Pictures should be excluded; otherwise, copy every entry exactly.

________

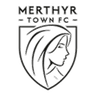 Escudo do Merthyr Town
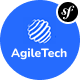 AgileTech - Symfony  - IT Solutions & Technology Template Multipurpose - ThemeForest Item for Sale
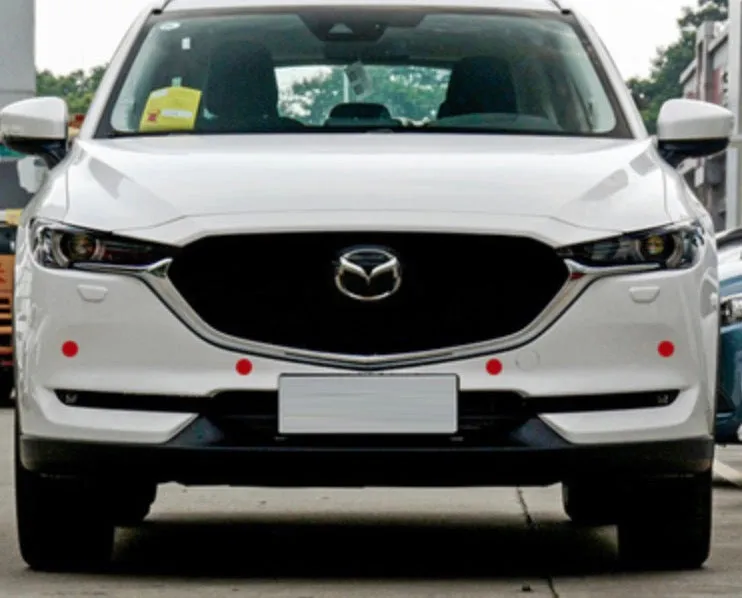 Mazda Skyactiv Proximity Collision Sensor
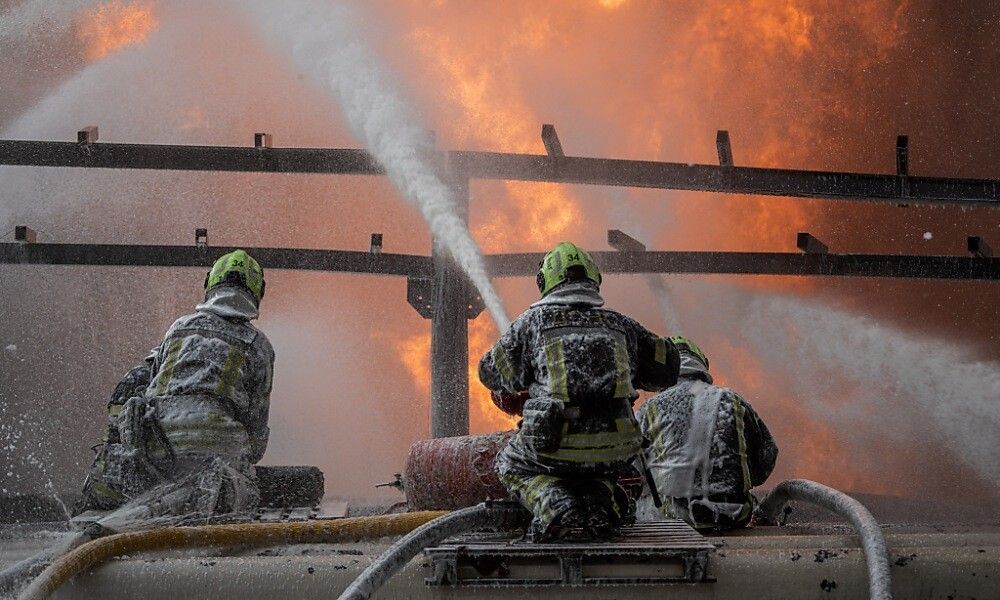 Russland greift Ukraine massiv mit Raketen an
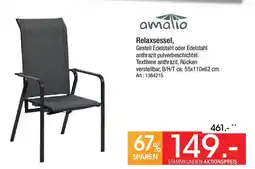 Zurbrüggen amalio Relaxsessel Angebot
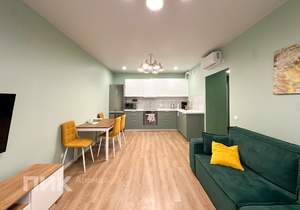 3-к квартира, на длительный срок, 76м2, 13/25 этаж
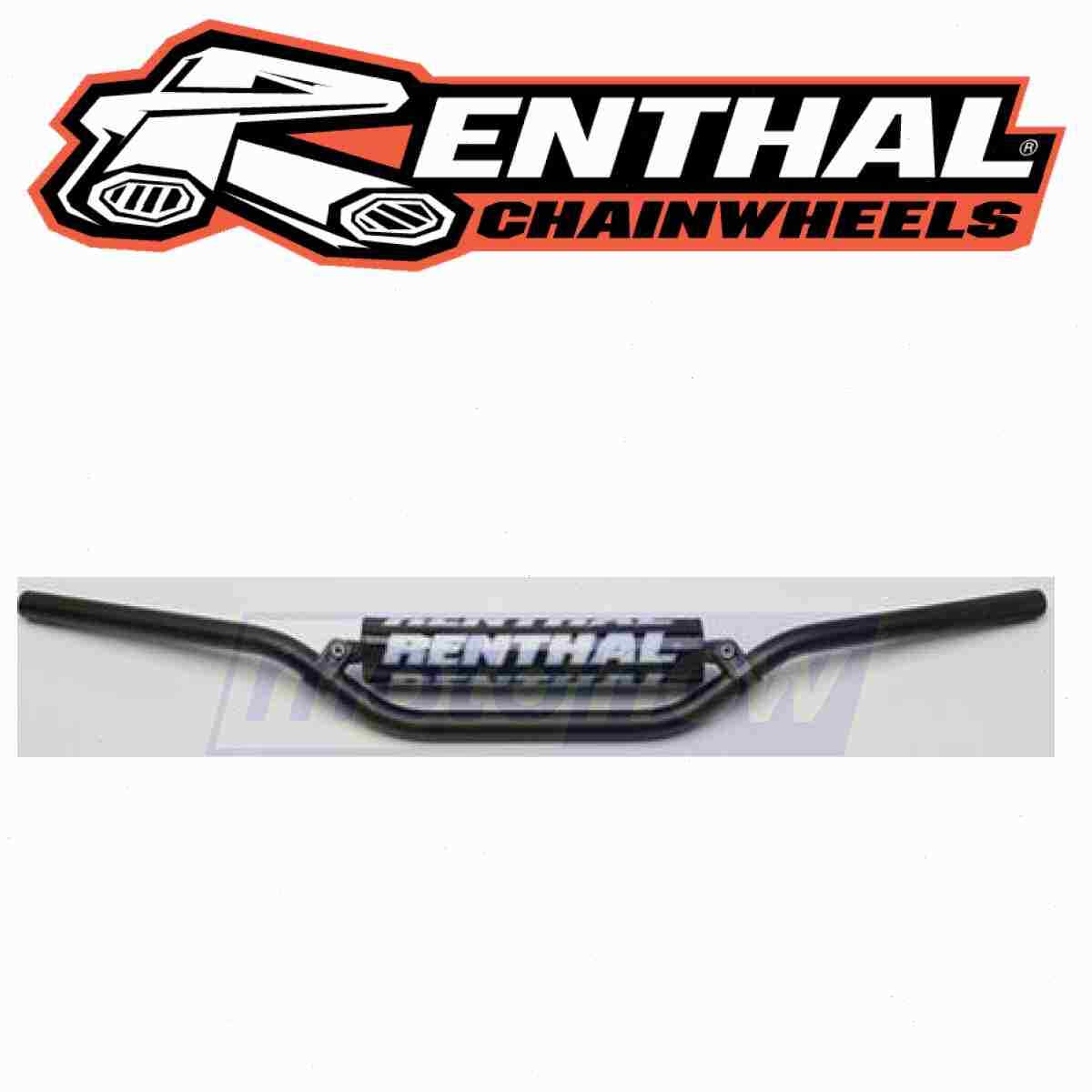 Renthal 7/8in. Handlebar for 2004-2009 Honda TRX450R – Control Handlebars & ng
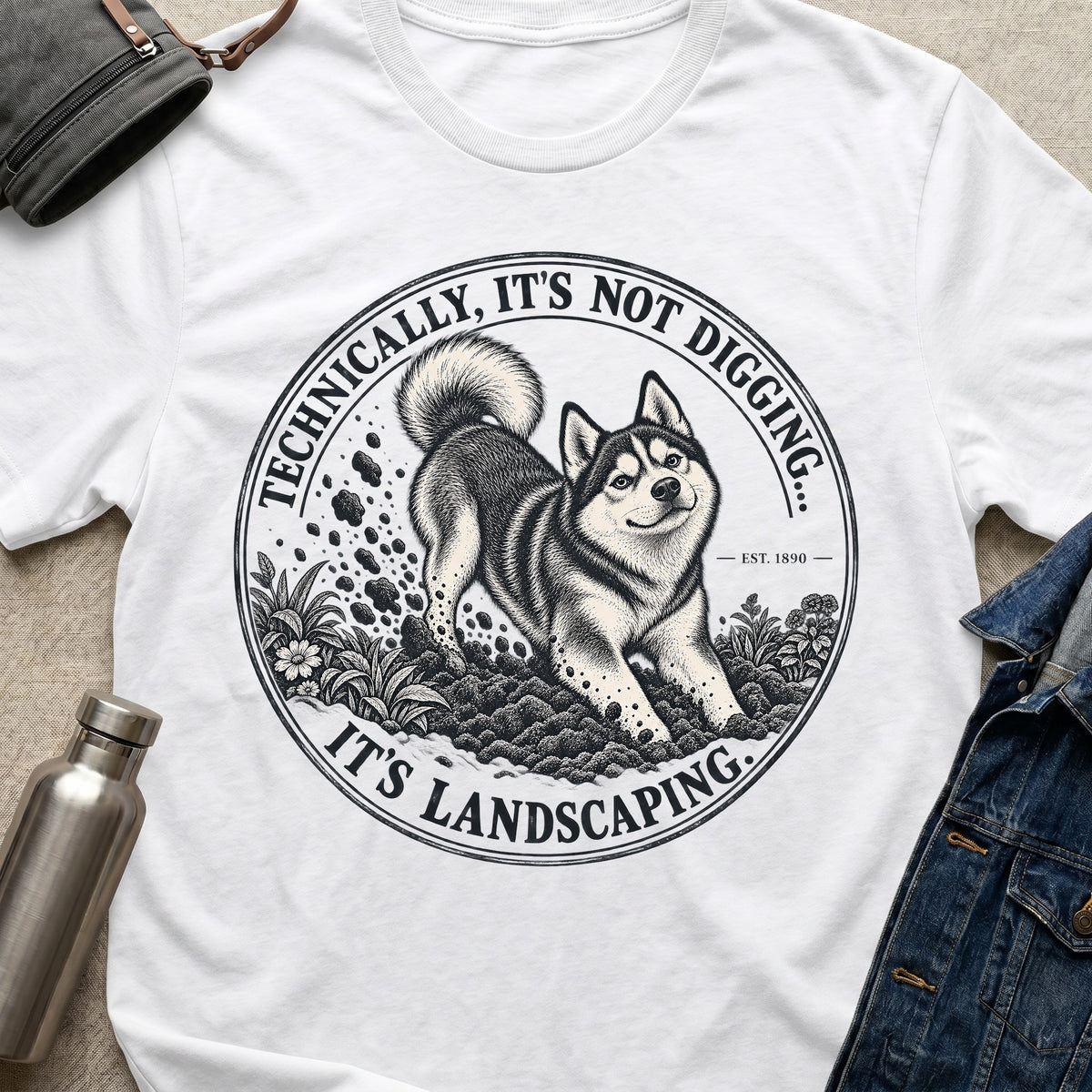 It's Landscaping T-Shirt
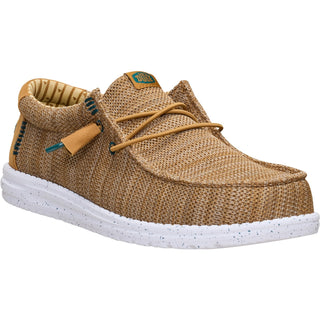 HEYDUDE Wally Stretch Sox Mens Slip On Shoes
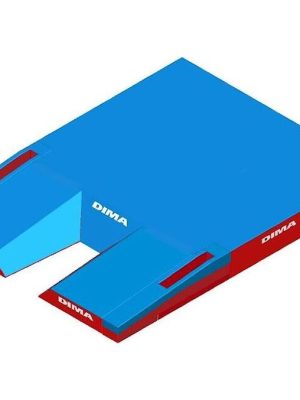 Stöngstökkmotta WA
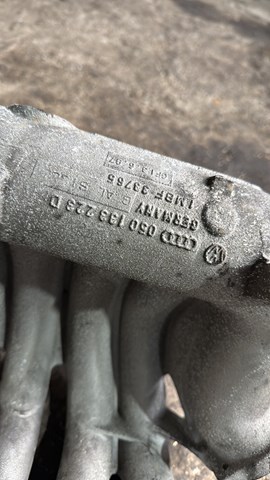 Коллектор впускной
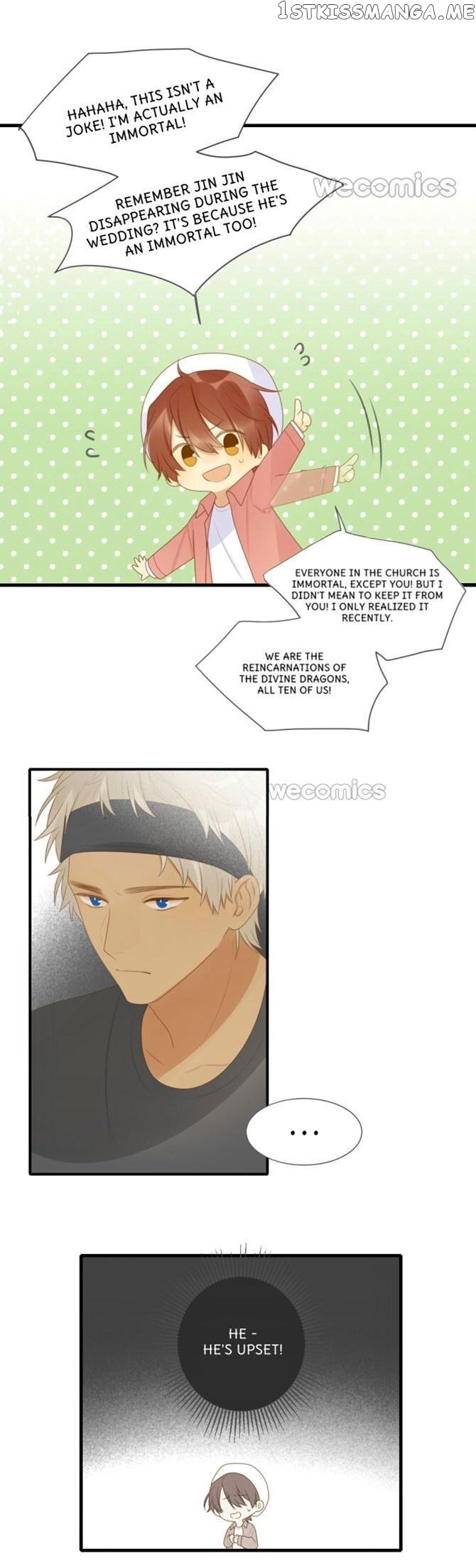 Let’s Have a Baby Dragon chapter 174 - page 10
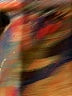A.L.C. Orange Long Sleeve Silk Top Size 2 - photo 7
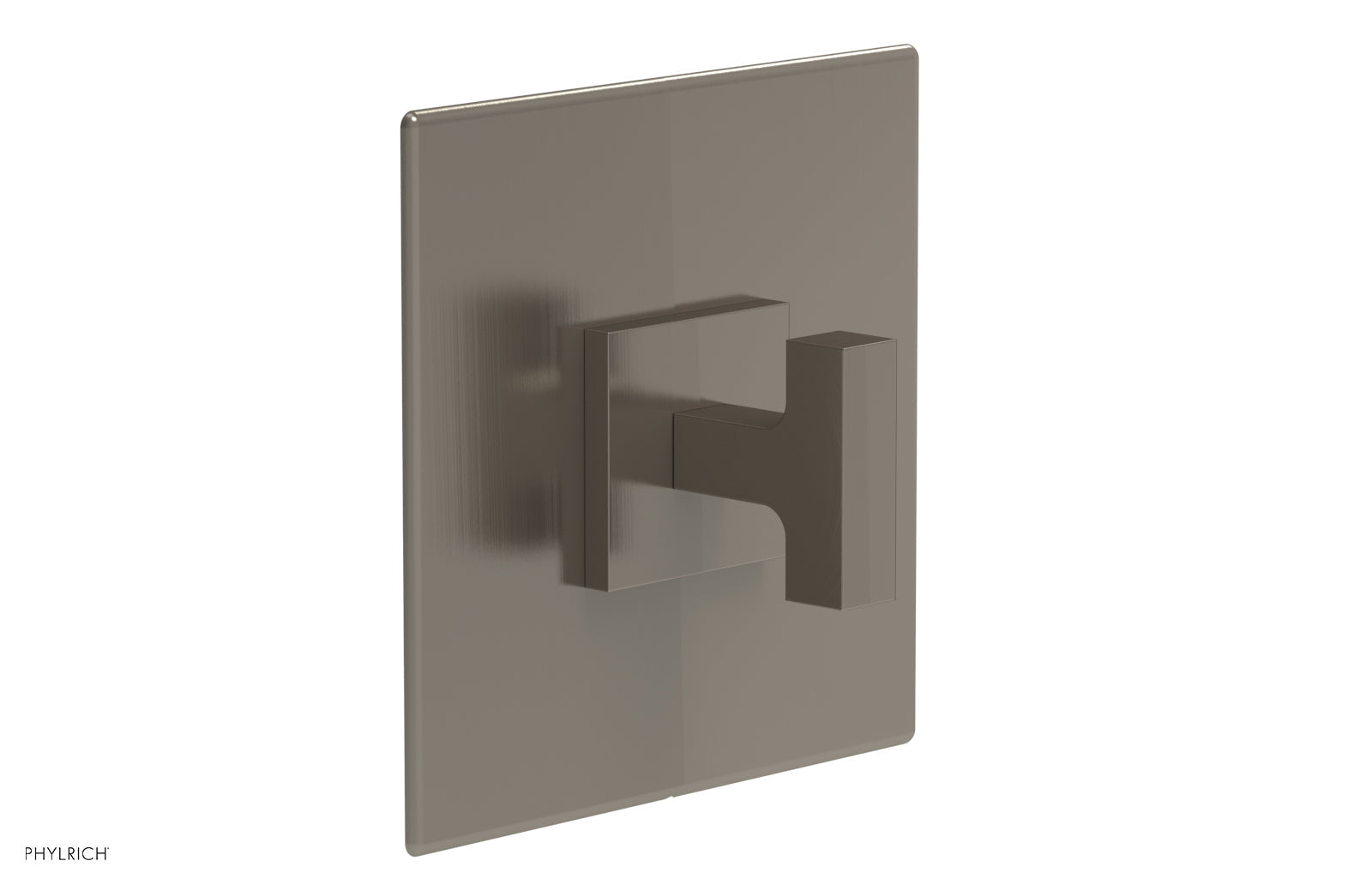 Phylrich CROI Thermostatic Shower Trim, Lever Handle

________

> _Expected output_:
 Escudo do Merthyr Town
 AgileTech - Symfony  - IT Solutions & Technology Template Multipurpose - ThemeForest Item for Sale
 Mazda Skyactiv Proximity Collision Sensor
 Russland greift Ukraine massiv mit Raketen an
 Zurbrüggen amalio Relaxsessel Angebot
 3-к квартира, на длительный срок, 76м2, 13/25 этаж
 Renthal 7/8in. Handlebar for 2004-2009 Honda TRX450R – Control Handlebars & ng
 It's Landscaping T-Shirt
 HEYDUDE Wally Stretch Sox Mens Slip On Shoes
 Stöngstökkmotta WA
 Коллектор впускной
 Let’s Have a Baby Dragon chapter 174 - page 10
A.L.C. Orange Long Sleeve Silk Top Size 2 - photo 7
 Phylrich CROI Thermostatic Shower Trim, Lever Handle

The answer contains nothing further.